(Work order): Your job is to give again, exactly and with no additions, the lines in the records below from the one with "Interiors by Premier" through the one with "MELAO Green Tea", both included. Omit the pictures.

(Records to process):
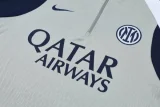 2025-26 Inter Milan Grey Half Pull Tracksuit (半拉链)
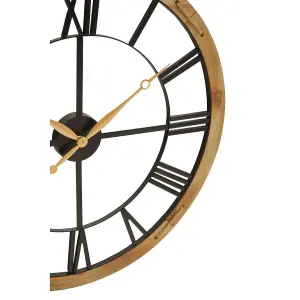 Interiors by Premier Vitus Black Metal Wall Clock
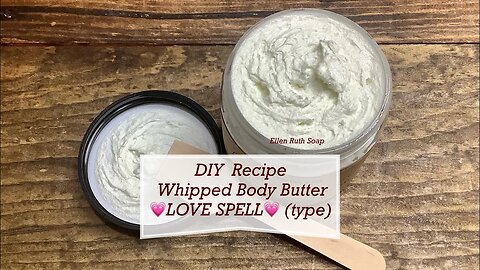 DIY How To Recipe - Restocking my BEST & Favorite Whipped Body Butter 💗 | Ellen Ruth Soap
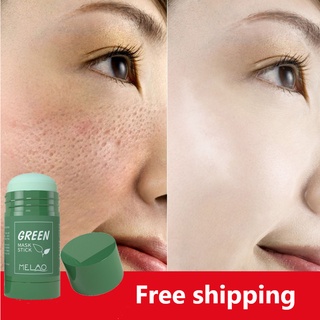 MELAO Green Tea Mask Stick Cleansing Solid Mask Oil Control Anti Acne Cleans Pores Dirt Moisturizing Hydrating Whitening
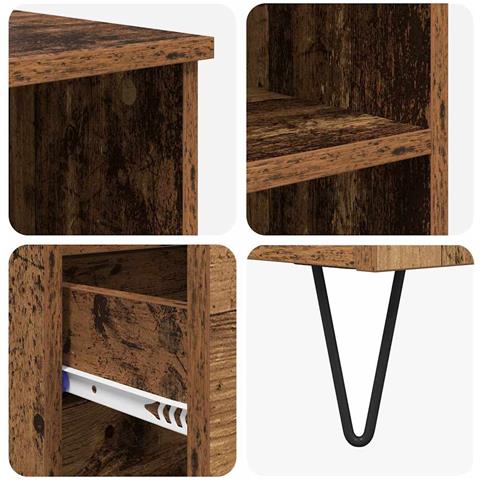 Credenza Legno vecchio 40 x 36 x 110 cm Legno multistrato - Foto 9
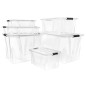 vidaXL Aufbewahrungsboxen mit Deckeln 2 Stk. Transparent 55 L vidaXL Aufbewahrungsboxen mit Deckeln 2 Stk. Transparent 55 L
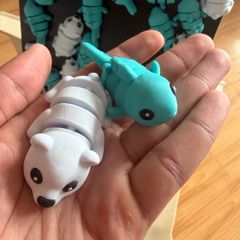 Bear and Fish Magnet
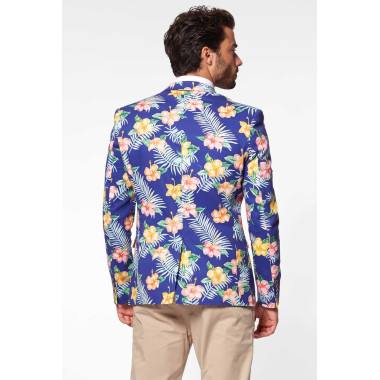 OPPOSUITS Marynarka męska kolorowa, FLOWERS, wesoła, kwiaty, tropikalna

(Result):
 Interiors by Premier Vitus Black Metal Wall Clock
 DIY How To Recipe - Restocking my BEST & Favorite Whipped Body Butter 💗 | Ellen Ruth Soap
 MELAO Green Tea Mask Stick Cleansing Solid Mask Oil Control Anti Acne Cleans Pores Dirt Moisturizing Hydrating Whitening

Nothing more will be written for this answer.